Ans: Besides epidemiological and clinical research in different parasitic diseases, ICMR has been emphasizing on carrying the research benefit to the community. It has built state-of-the-art facilities for research on parasitic diseases in several ICMR institutes spread across the country to carry out basic and applied research. Through its translational research agenda, control of malaria, and elimination of filariasis and kala-azar have been taken up. Development of antimalarial drug, and mosquitocidal and repellent formulas has been worked out. At RMRC, monitoring of drug resistance in malaria at molecular level, emergence of new species across the border, and control of malaria in forest and forest fringe have been taken as the priority. Transmission dynamics and vector biology, and evolution of vector and drug resistance in Southeast Asia have been taken the as the long-term goals. Development of diagnostics, and control and prevention of food-borne parasitic infections are some of the goals in the long-term agenda of RMRC NE.
k. Since you have a vast experience on paragonimiasis, please tell us the advancements in respect to the epidemiology and laboratory diagnosis and treatment.
Ans: To start with, we started looking into the burden of paragonimiasis across different northeastern states to find out its priority as a public health problem. Initially we thought that human paragonimiasis is a problem in Manipur and Arunachal Pradesh, but later on, cases were seen in all the states of the region. History revealed that animal and human paragonimiasis was reported from many states of India. As type species of paragonimiasis originated from India, we started looking for the molecular homologies with the prevalent species across Southeast Asia and Far East. In our search, we could establish that human paragonimiasis in India is caused both by Paragonimus westermani and Paragonimus heterotremus.

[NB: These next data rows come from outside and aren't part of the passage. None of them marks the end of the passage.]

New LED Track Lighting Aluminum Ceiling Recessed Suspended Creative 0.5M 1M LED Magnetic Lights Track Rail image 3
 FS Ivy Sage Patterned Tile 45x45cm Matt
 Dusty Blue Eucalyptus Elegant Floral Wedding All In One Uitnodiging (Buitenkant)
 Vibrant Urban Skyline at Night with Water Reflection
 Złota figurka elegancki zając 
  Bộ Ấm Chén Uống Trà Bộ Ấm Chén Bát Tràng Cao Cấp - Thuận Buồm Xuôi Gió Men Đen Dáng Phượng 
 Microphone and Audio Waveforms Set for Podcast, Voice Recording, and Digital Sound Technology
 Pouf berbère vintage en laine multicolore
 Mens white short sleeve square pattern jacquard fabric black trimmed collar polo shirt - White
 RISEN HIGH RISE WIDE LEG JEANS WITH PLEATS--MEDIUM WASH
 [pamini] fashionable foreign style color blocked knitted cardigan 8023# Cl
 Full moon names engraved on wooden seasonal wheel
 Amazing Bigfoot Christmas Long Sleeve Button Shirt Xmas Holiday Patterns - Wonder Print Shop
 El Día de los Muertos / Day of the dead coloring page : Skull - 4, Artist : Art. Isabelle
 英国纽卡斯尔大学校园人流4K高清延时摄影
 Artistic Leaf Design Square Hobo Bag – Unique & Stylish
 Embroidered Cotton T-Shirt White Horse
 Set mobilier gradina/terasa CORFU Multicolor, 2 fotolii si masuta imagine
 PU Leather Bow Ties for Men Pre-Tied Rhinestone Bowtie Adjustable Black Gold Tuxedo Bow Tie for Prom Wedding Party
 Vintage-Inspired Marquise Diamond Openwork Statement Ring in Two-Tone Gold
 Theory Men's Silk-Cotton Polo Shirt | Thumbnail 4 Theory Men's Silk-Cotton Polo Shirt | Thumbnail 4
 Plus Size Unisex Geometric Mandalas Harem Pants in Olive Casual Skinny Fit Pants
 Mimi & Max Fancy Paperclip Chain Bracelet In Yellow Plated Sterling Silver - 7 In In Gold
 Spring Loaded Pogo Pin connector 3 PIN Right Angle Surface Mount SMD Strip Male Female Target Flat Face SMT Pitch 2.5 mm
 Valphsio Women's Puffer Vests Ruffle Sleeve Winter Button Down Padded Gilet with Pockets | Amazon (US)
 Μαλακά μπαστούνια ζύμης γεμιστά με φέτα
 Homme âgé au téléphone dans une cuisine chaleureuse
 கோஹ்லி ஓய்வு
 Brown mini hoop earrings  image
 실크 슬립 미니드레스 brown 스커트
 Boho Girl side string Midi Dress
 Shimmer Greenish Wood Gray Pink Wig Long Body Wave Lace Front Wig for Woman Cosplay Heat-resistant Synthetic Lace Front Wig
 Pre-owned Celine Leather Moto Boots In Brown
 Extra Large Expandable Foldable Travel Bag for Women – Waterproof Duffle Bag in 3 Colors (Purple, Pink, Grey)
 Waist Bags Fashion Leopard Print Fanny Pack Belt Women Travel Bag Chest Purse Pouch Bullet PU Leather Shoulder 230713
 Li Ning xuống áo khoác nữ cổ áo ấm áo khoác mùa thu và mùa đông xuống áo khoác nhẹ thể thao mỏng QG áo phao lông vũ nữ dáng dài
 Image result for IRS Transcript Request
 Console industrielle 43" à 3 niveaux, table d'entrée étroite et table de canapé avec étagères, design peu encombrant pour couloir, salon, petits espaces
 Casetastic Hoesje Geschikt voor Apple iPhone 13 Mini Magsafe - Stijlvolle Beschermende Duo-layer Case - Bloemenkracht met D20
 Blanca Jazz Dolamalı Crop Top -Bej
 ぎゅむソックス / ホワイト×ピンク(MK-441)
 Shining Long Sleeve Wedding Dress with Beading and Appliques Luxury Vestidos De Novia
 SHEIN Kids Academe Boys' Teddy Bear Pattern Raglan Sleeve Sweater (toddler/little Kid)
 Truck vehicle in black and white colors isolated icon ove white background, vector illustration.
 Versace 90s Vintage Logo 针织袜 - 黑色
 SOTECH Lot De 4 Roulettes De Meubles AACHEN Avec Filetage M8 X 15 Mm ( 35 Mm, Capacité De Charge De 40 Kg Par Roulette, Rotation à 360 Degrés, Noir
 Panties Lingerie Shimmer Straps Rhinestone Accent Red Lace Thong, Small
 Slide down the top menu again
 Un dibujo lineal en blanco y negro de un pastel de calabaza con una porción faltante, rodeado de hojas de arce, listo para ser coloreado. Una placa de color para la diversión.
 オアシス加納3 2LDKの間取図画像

Detailed molecular and morphological studies suggested the existence of few more P. westermani like species in the region. This established the higher diversity of Paragonimus species in India. Of course, their clinical implication is yet to be established. Clinical and radiological findings of human cases in these infections could be described for diagnostic algorithms. Looking into the paucity of diagnostic tests in India, we could develop a very sensitive and specific ELISA-based diagnostic kit. Till date, all these cases are easily treated with Praziquintal with a high success rate. We also tried to translate our research findings for diagnosis, treatment, and control of the disease in Arunachal Pradesh. Results were very encouraging.
l. Paragonimiasis, being a differential diagnosis of pulmonary tuberculosis, what is your opinion regarding the treatment guidelines and do you suggest any policy decisions as regards to the RNTCP?
Ans: Human paragonimiasis, besides being endemic to northeastern states, has also been reported from many parts of India. Pulmonary paragonimiasis causes endemic hemoptysis, and X-ray/CT chest finding is often confusing with pulmonary tuberculosis, leading to misdiagnosis and wrong treatment. This sends wrong message to the patients attending DOTS center for treatment under RNTCP of India. Therefore, I feel in endemic states, cases with chronic cough with or without hemoptysis (especially smear negatives) should be investigated for paragonimiasis along with tuberculosis. Simple history taking of exotic food behavior can help the clinician to suspect the cases.